Si en Occidente la belleza se vincula a la luz, a lo iluminado, a esa limpieza que produce destellos y ofrece una claridad apabullante y abierta, en Oriente la belleza se encuentra en la oscuridad, en la sombra, en el juego de claroscuros, en el misterio que parece albergar ese cobijo, esa elegancia que pierde, al desnudarse, la vida occidental. La belleza como eso que no siempre puede alcanzarse, ni siquiera distinguirse con facilidad, como aquello que se mantiene alejado, sumido en su limbo de atracción; eso que se crea conforme se proyectan sombras y reflejos. Supongo que no conviene perder de vista que el ensayo fue escrito en 1933, no sé si hoy se hubiera escrito esto mismo. Sea como sea, resulta curioso notar los dos niveles de lectura que pueden apreciarse. Luz y sombra como Occidente y Oriente, pero quizá también como la sombra de Occidente sobre Oriente y su (a veces "mala") influencia, su imposición de maneras más prácticas o desnaturalizadas en comparación con ese otro mundo que idealiza todo un arsenal de puestas en escena y de símbolos y formas que quieren resistirse al arrastre límpido de Occidente, y que, en último término, aunque se vean arrastradas, no pueden desligarse del todo de esa mancha, de ese reflejo oscuro que llevan impreso y del que no pueden escapar (y tampoco hace falta). Ese nivel de concreción que desciende hasta los detalles y dibujos más palpables y esa otra estructura que abarca el bloque y lleva consigo el flujo de la marea como un todo imparable.

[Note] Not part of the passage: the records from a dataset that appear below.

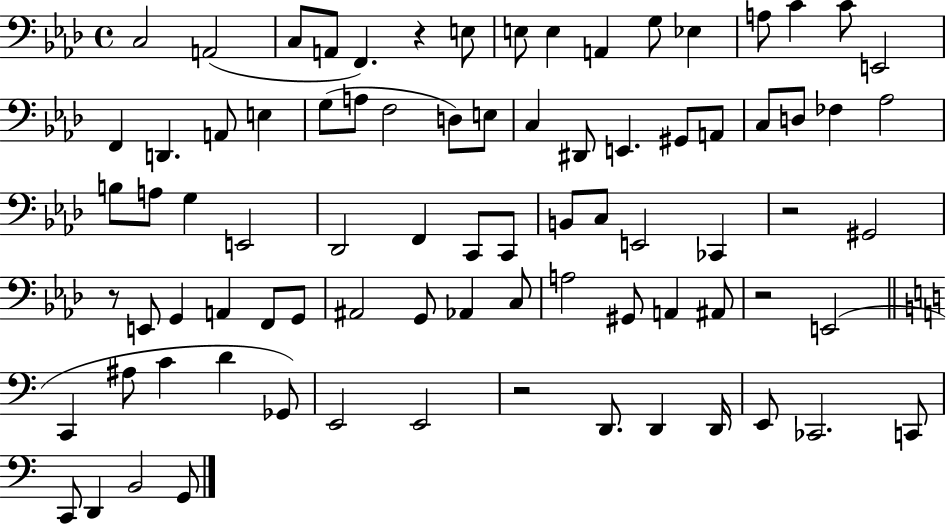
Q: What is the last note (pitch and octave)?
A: G2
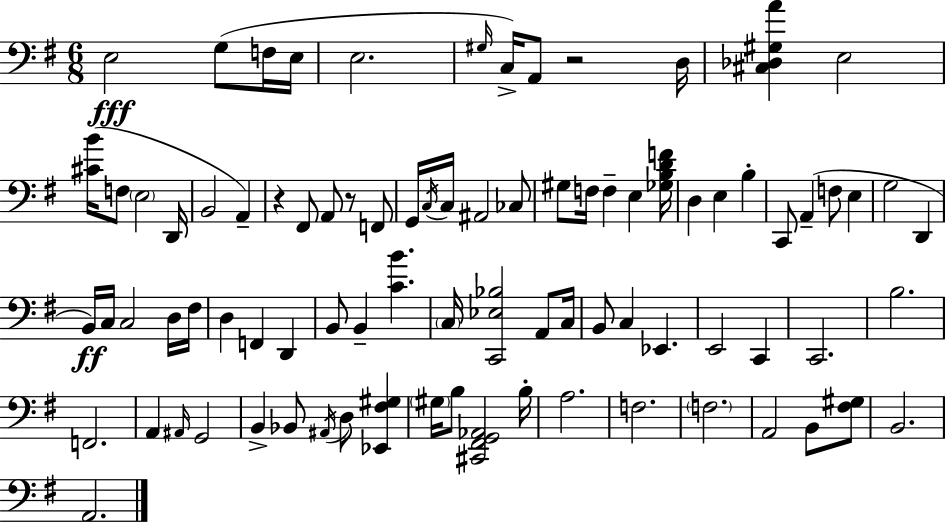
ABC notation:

X:1
T:Untitled
M:6/8
L:1/4
K:G
E,2 G,/2 F,/4 E,/4 E,2 ^G,/4 C,/4 A,,/2 z2 D,/4 [^C,_D,^G,A] E,2 [^CB]/4 F,/2 E,2 D,,/4 B,,2 A,, z ^F,,/2 A,,/2 z/2 F,,/2 G,,/4 C,/4 C,/4 ^A,,2 _C,/2 ^G,/2 F,/4 F, E, [_G,B,DF]/4 D, E, B, C,,/2 A,, F,/2 E, G,2 D,, B,,/4 C,/4 C,2 D,/4 ^F,/4 D, F,, D,, B,,/2 B,, [CB] C,/4 [C,,_E,_B,]2 A,,/2 C,/4 B,,/2 C, _E,, E,,2 C,, C,,2 B,2 F,,2 A,, ^A,,/4 G,,2 B,, _B,,/2 ^A,,/4 D,/2 [_E,,^F,^G,] ^G,/4 B,/2 [^C,,^F,,G,,_A,,]2 B,/4 A,2 F,2 F,2 A,,2 B,,/2 [^F,^G,]/2 B,,2 A,,2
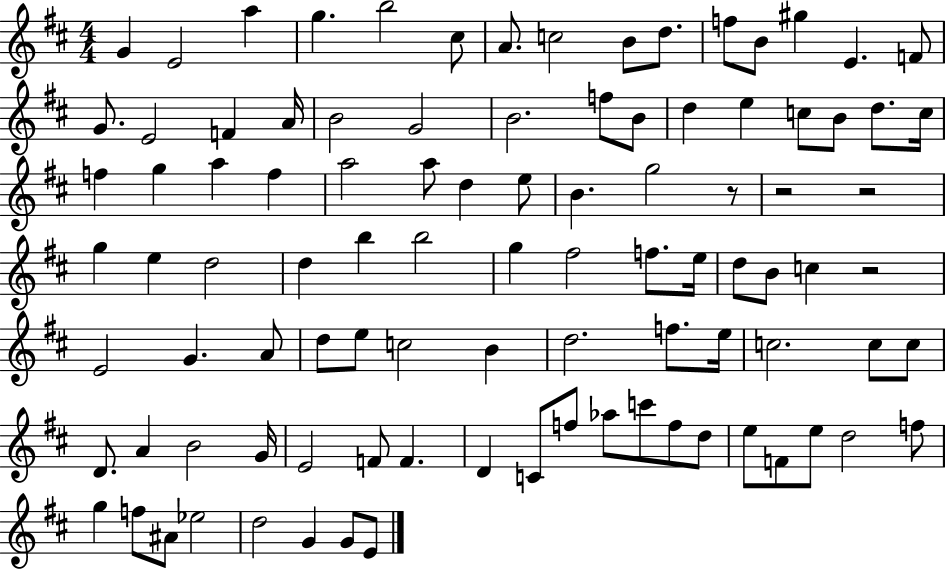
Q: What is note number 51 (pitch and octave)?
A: D5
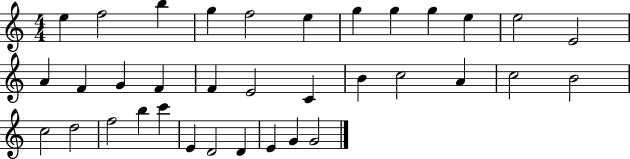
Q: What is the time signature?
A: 4/4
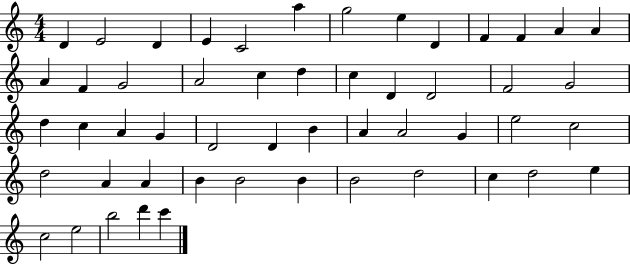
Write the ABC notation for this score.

X:1
T:Untitled
M:4/4
L:1/4
K:C
D E2 D E C2 a g2 e D F F A A A F G2 A2 c d c D D2 F2 G2 d c A G D2 D B A A2 G e2 c2 d2 A A B B2 B B2 d2 c d2 e c2 e2 b2 d' c'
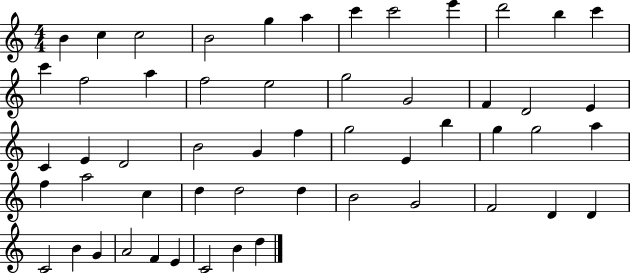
B4/q C5/q C5/h B4/h G5/q A5/q C6/q C6/h E6/q D6/h B5/q C6/q C6/q F5/h A5/q F5/h E5/h G5/h G4/h F4/q D4/h E4/q C4/q E4/q D4/h B4/h G4/q F5/q G5/h E4/q B5/q G5/q G5/h A5/q F5/q A5/h C5/q D5/q D5/h D5/q B4/h G4/h F4/h D4/q D4/q C4/h B4/q G4/q A4/h F4/q E4/q C4/h B4/q D5/q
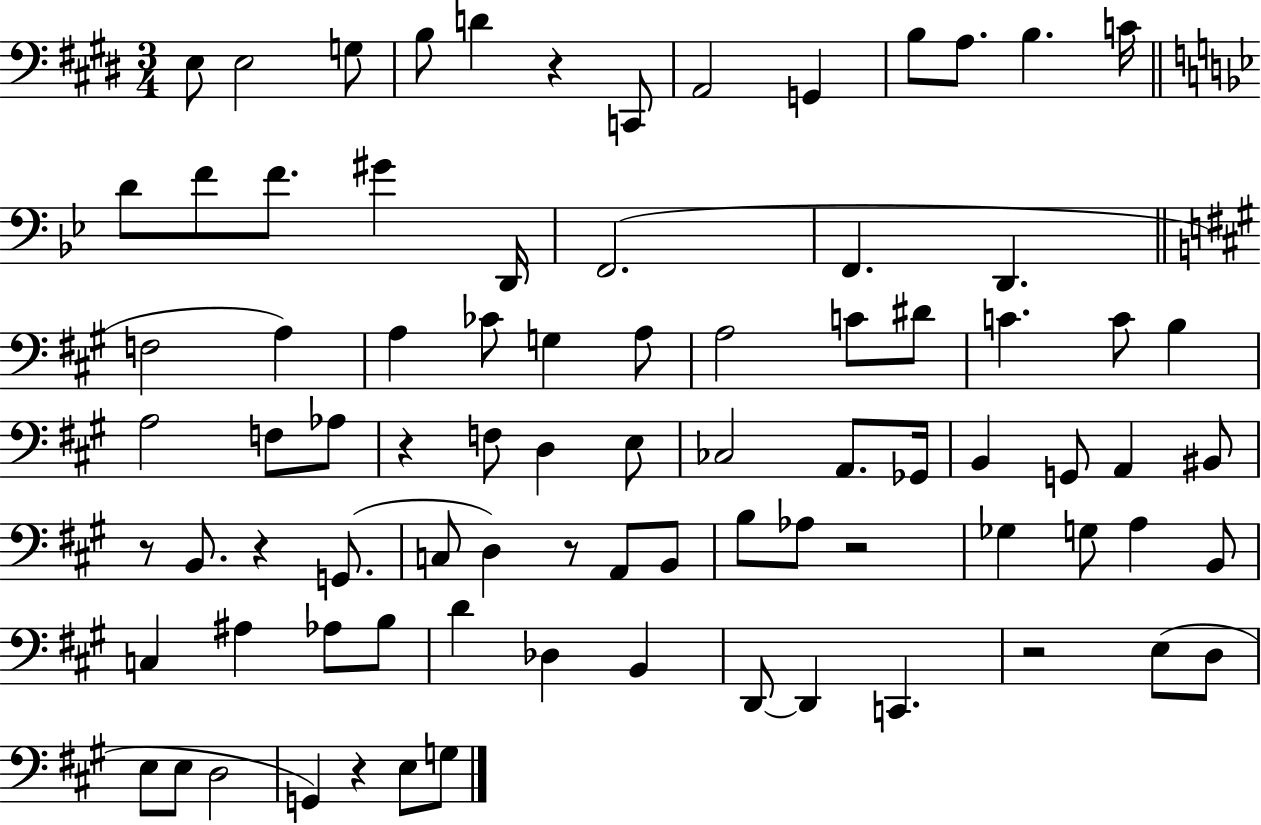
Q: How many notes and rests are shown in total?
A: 83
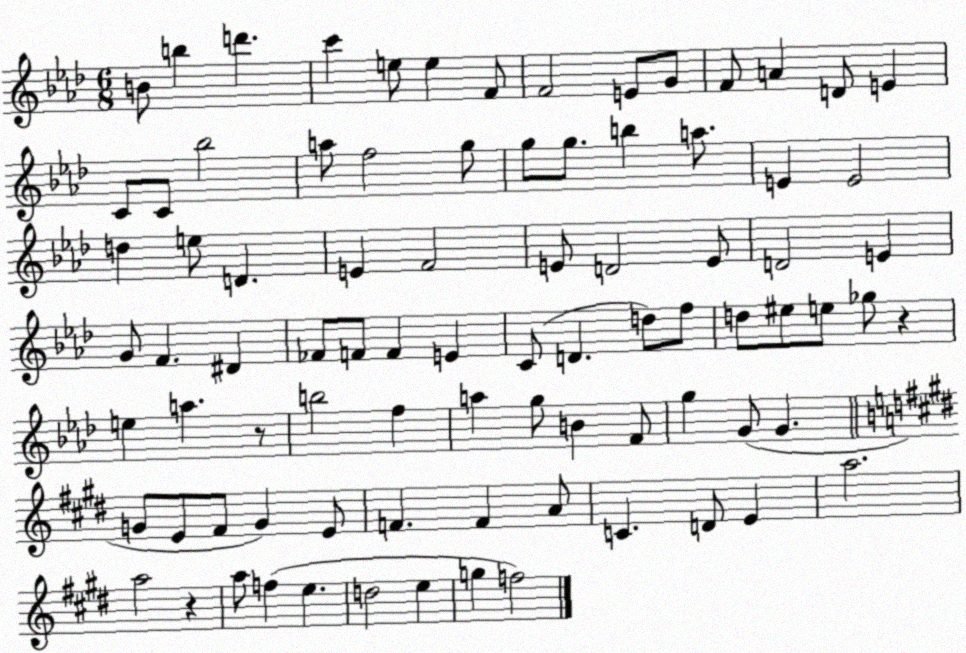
X:1
T:Untitled
M:6/8
L:1/4
K:Ab
B/2 b d' c' e/2 e F/2 F2 E/2 G/2 F/2 A D/2 E C/2 C/2 _b2 a/2 f2 g/2 g/2 g/2 b a/2 E E2 d e/2 D E F2 E/2 D2 E/2 D2 E G/2 F ^D _F/2 F/2 F E C/2 D d/2 f/2 d/2 ^e/2 e/2 _g/2 z e a z/2 b2 f a g/2 B F/2 g G/2 G G/2 E/2 ^F/2 G E/2 F F A/2 C D/2 E a2 a2 z a/2 f e d2 e g f2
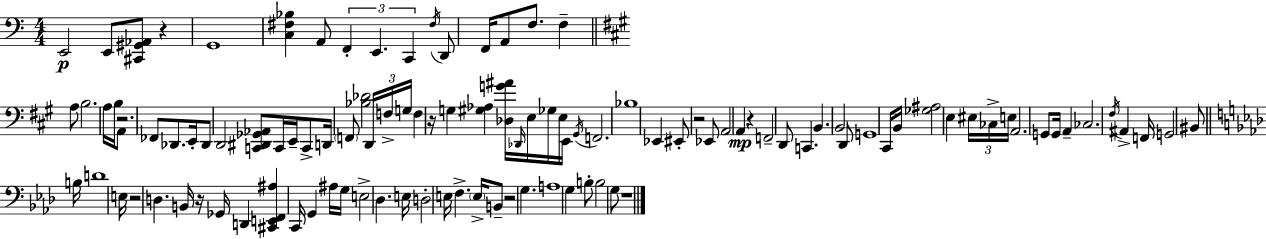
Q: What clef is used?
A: bass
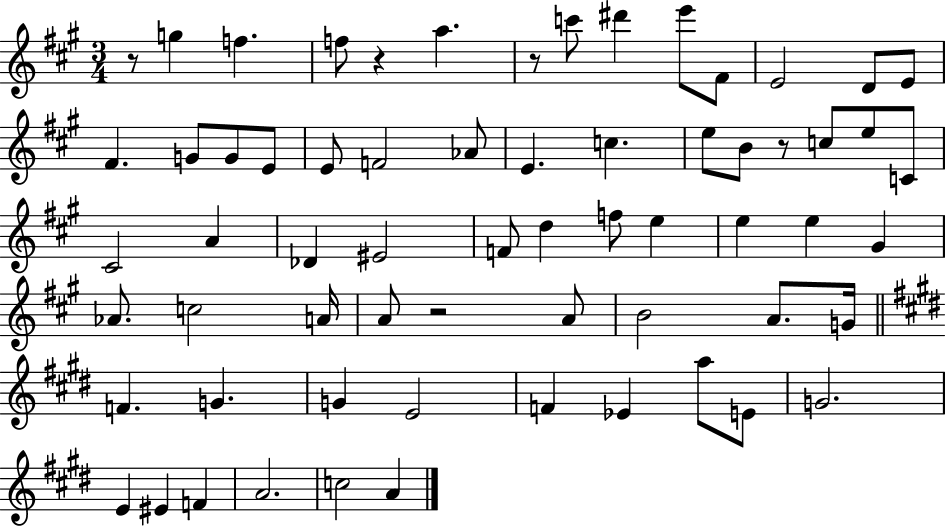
X:1
T:Untitled
M:3/4
L:1/4
K:A
z/2 g f f/2 z a z/2 c'/2 ^d' e'/2 ^F/2 E2 D/2 E/2 ^F G/2 G/2 E/2 E/2 F2 _A/2 E c e/2 B/2 z/2 c/2 e/2 C/2 ^C2 A _D ^E2 F/2 d f/2 e e e ^G _A/2 c2 A/4 A/2 z2 A/2 B2 A/2 G/4 F G G E2 F _E a/2 E/2 G2 E ^E F A2 c2 A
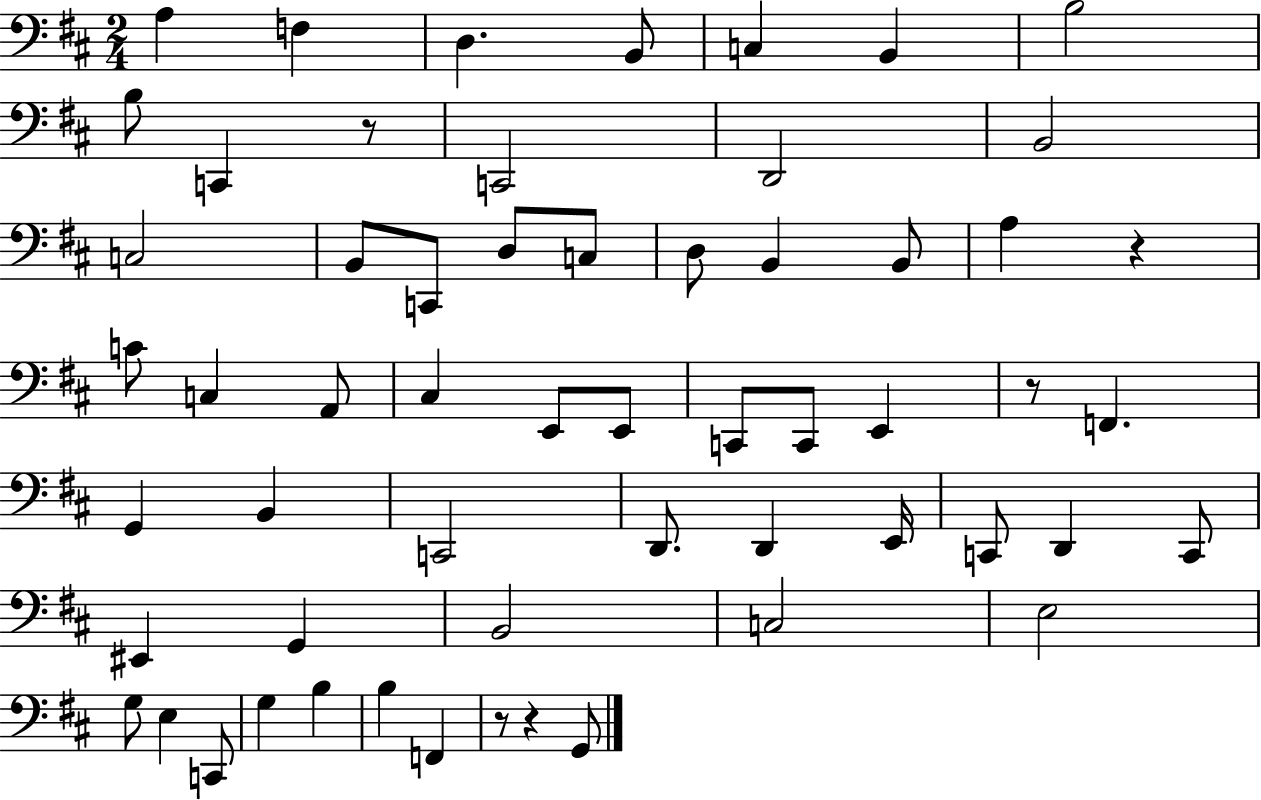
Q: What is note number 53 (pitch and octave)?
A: G2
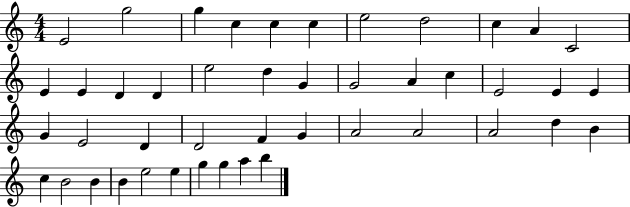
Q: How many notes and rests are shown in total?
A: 45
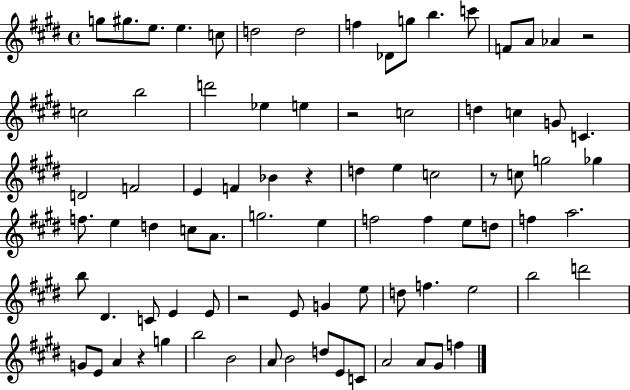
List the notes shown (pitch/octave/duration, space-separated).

G5/e G#5/e. E5/e. E5/q. C5/e D5/h D5/h F5/q Db4/e G5/e B5/q. C6/e F4/e A4/e Ab4/q R/h C5/h B5/h D6/h Eb5/q E5/q R/h C5/h D5/q C5/q G4/e C4/q. D4/h F4/h E4/q F4/q Bb4/q R/q D5/q E5/q C5/h R/e C5/e G5/h Gb5/q F5/e. E5/q D5/q C5/e A4/e. G5/h. E5/q F5/h F5/q E5/e D5/e F5/q A5/h. B5/e D#4/q. C4/e E4/q E4/e R/h E4/e G4/q E5/e D5/e F5/q. E5/h B5/h D6/h G4/e E4/e A4/q R/q G5/q B5/h B4/h A4/e B4/h D5/e E4/e C4/e A4/h A4/e G#4/e F5/q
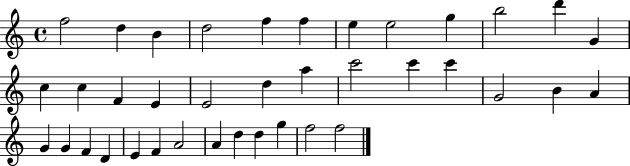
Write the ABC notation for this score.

X:1
T:Untitled
M:4/4
L:1/4
K:C
f2 d B d2 f f e e2 g b2 d' G c c F E E2 d a c'2 c' c' G2 B A G G F D E F A2 A d d g f2 f2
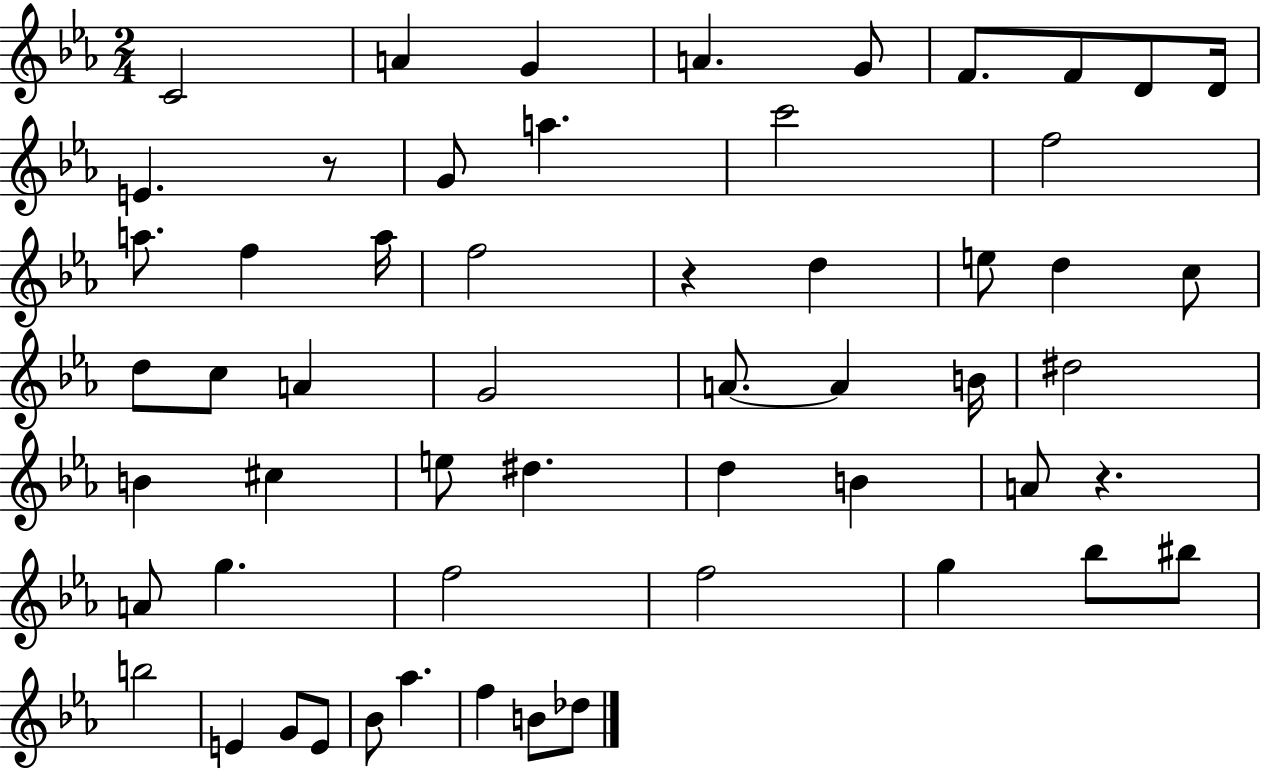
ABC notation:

X:1
T:Untitled
M:2/4
L:1/4
K:Eb
C2 A G A G/2 F/2 F/2 D/2 D/4 E z/2 G/2 a c'2 f2 a/2 f a/4 f2 z d e/2 d c/2 d/2 c/2 A G2 A/2 A B/4 ^d2 B ^c e/2 ^d d B A/2 z A/2 g f2 f2 g _b/2 ^b/2 b2 E G/2 E/2 _B/2 _a f B/2 _d/2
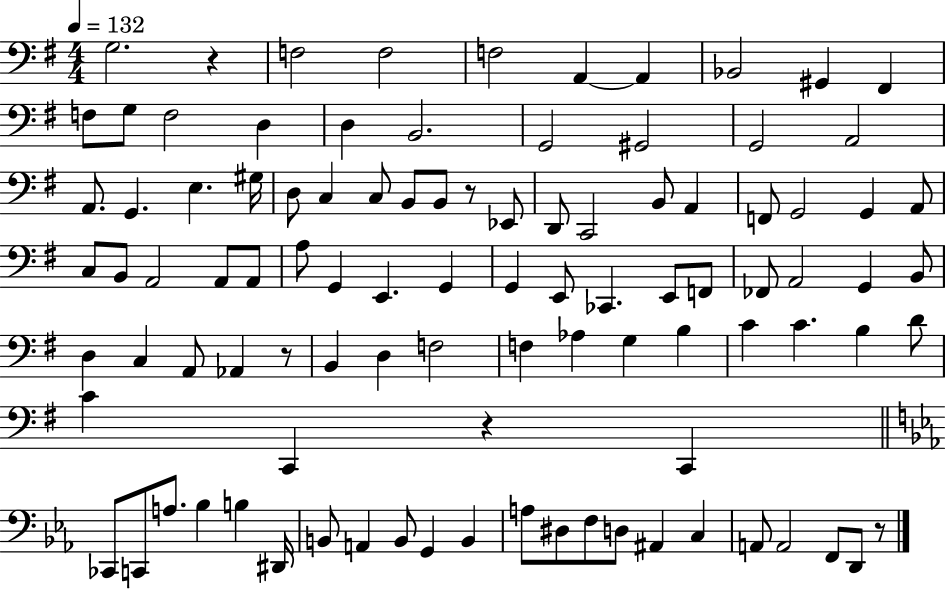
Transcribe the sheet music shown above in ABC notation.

X:1
T:Untitled
M:4/4
L:1/4
K:G
G,2 z F,2 F,2 F,2 A,, A,, _B,,2 ^G,, ^F,, F,/2 G,/2 F,2 D, D, B,,2 G,,2 ^G,,2 G,,2 A,,2 A,,/2 G,, E, ^G,/4 D,/2 C, C,/2 B,,/2 B,,/2 z/2 _E,,/2 D,,/2 C,,2 B,,/2 A,, F,,/2 G,,2 G,, A,,/2 C,/2 B,,/2 A,,2 A,,/2 A,,/2 A,/2 G,, E,, G,, G,, E,,/2 _C,, E,,/2 F,,/2 _F,,/2 A,,2 G,, B,,/2 D, C, A,,/2 _A,, z/2 B,, D, F,2 F, _A, G, B, C C B, D/2 C C,, z C,, _C,,/2 C,,/2 A,/2 _B, B, ^D,,/4 B,,/2 A,, B,,/2 G,, B,, A,/2 ^D,/2 F,/2 D,/2 ^A,, C, A,,/2 A,,2 F,,/2 D,,/2 z/2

Tampoco creo que la comparación sea una confrontación, sino más bien una pregunta, un interrogarse acerca de eso que está tan cerca y se viene encima.
Aunque quizá por las expectativas previas me esperaba algo más ambicioso y abierto, probablemente sea una buena forma de tomar contacto especialmente con la cultura japonesa y salir un poco de esta iluminación ciega y todo eso.